I read the article and what strikes me right away is that although the professor is using technology in all sorts of glitzy ways, there was no mention of how the students were to engage with material beyond watching the professor to his schtick. Unless you are the most amazing storyteller in the world, I think it's unrealistic to expect students to come into class every day and listen or watch in a one way classroom. That's the big idea for me. One way vs. Two Way. Technology affords us ways to interact with ideas in ways we couldn't before. But great teachers have long figured out that the interaction with ideas or constructivism creates active, engaged learners.

Janice Smith

It's interesting because I recently attended a tech conference where one of the presenters encouraged us to join a Twitter like conversation WHILE he was presenting. He described it to us first as a way for audience members to keep themselves actively engaged while someone was presenting. Confused about what was just demonstrated? Tweet it out to everyone else in the discussion. Perhaps they can clarify. Something really struck you? Start a side-conversation about it.
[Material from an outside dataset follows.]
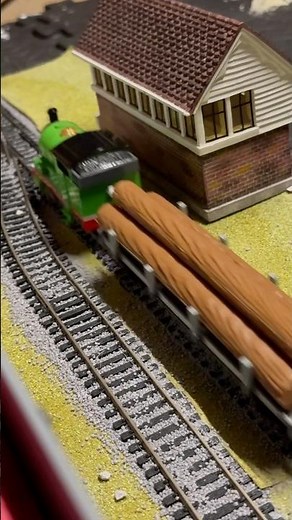 PERCY SPEEDS PAST THE SIGNAL BOX #thomasandfriends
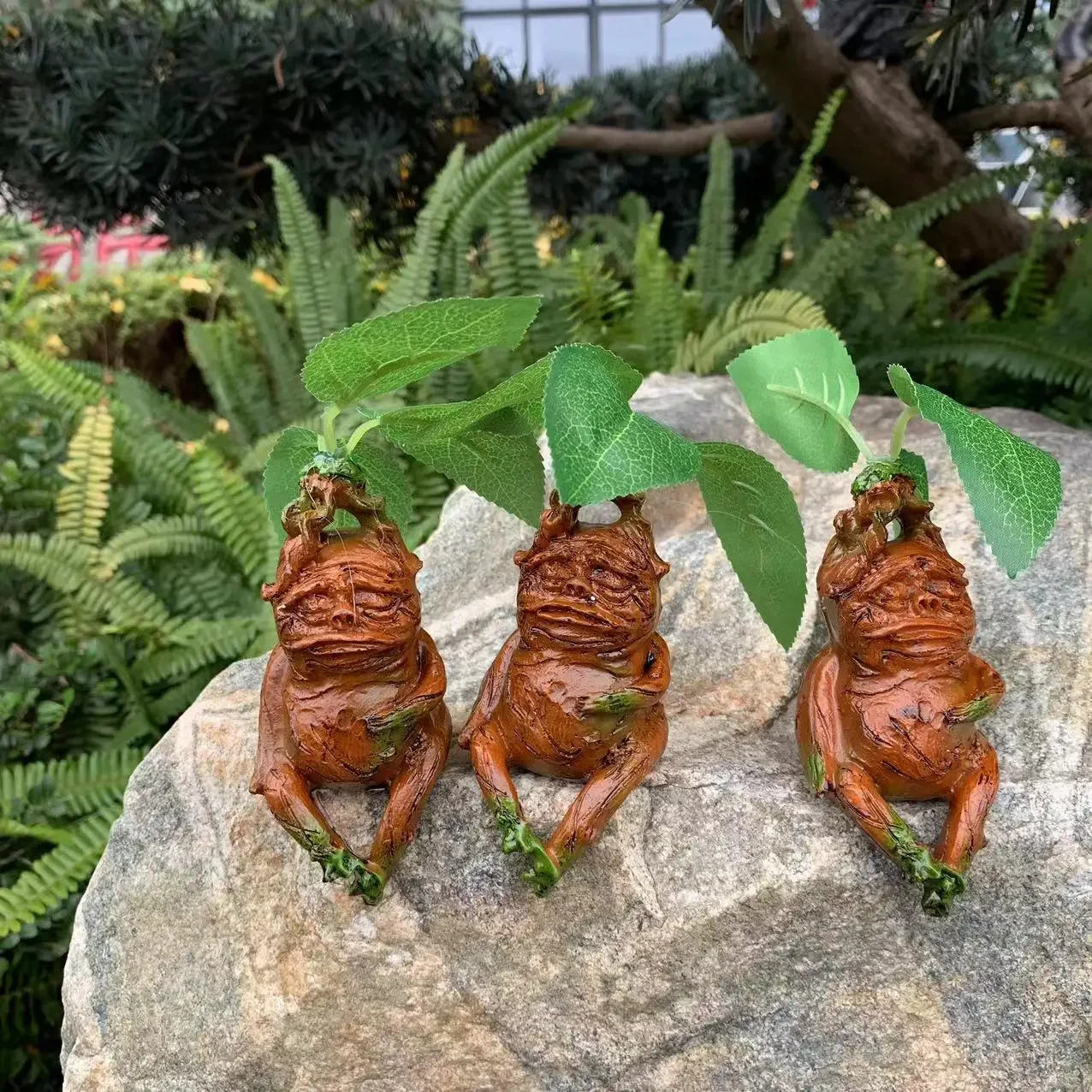 Mandrake Grass Resin Statue Landscape Ornament Art Figurine Crafts for Outdoor Garden Courtyard Living Room Bedroom Decoration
It definitely led to some deeper thinking about the presentation, and afterwards he goes back and reads the discussion and inserts his own comments/answers which I think is a fascinating way to encourage follow-up, ensuring that the dialogue doesn't conclude along with the workshop.

I still have my hesitations about whether this adds to a presentation or detracts from it (there was a lot I can only assume I missed while reading other comments on the discussion), but it certainly does solve the problem of how we use the technology to engage everyone.